— Provided data —
──────────────────────────────

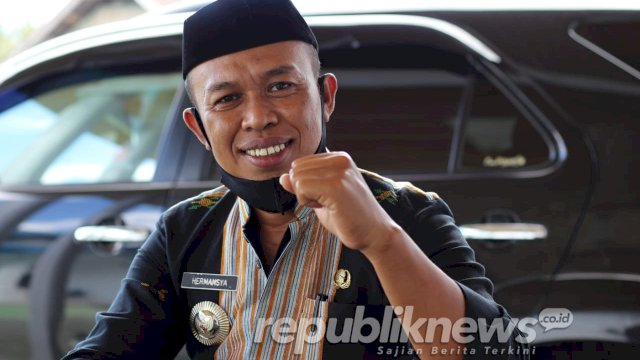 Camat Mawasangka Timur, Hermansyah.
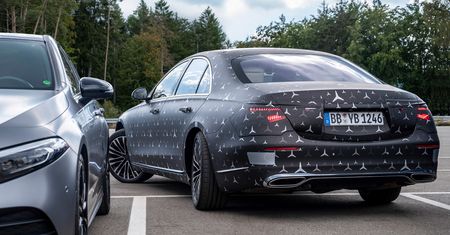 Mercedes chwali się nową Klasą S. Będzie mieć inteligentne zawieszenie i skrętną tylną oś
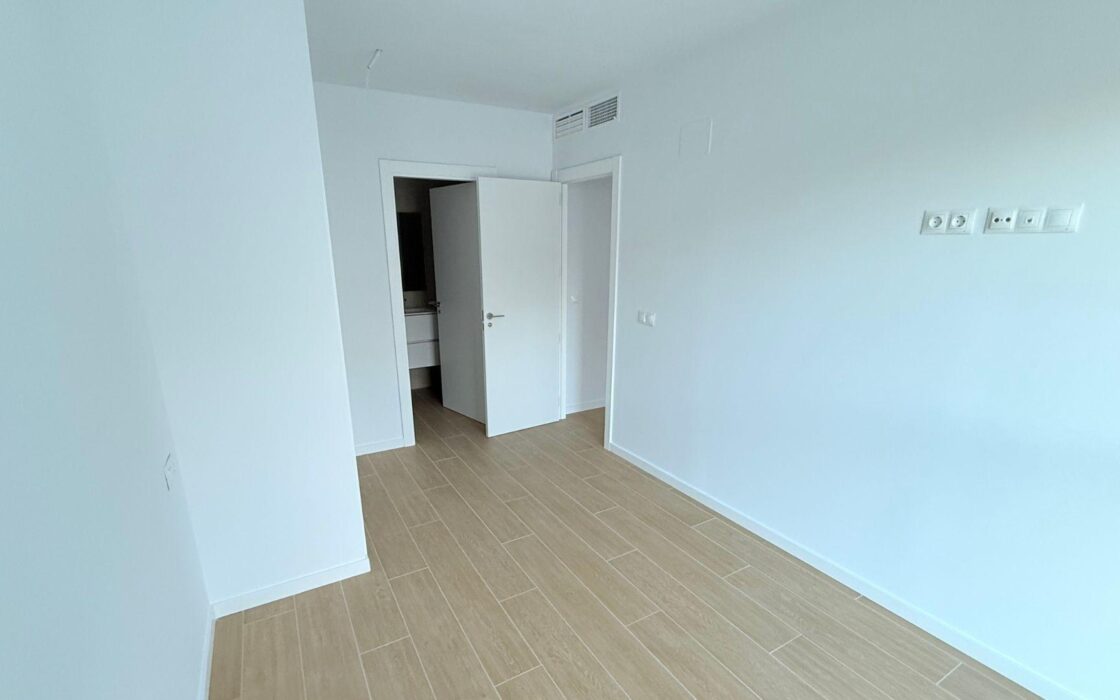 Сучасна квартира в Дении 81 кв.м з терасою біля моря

──────────────────────────────

— Activity —
Could you retype each line of the material above exactly, skipping the pictures?

— Solution to the exercise —
 Camat Mawasangka Timur, Hermansyah.
 Mercedes chwali się nową Klasą S. Będzie mieć inteligentne zawieszenie i skrętną tylną oś
 Сучасна квартира в Дении 81 кв.м з терасою біля моря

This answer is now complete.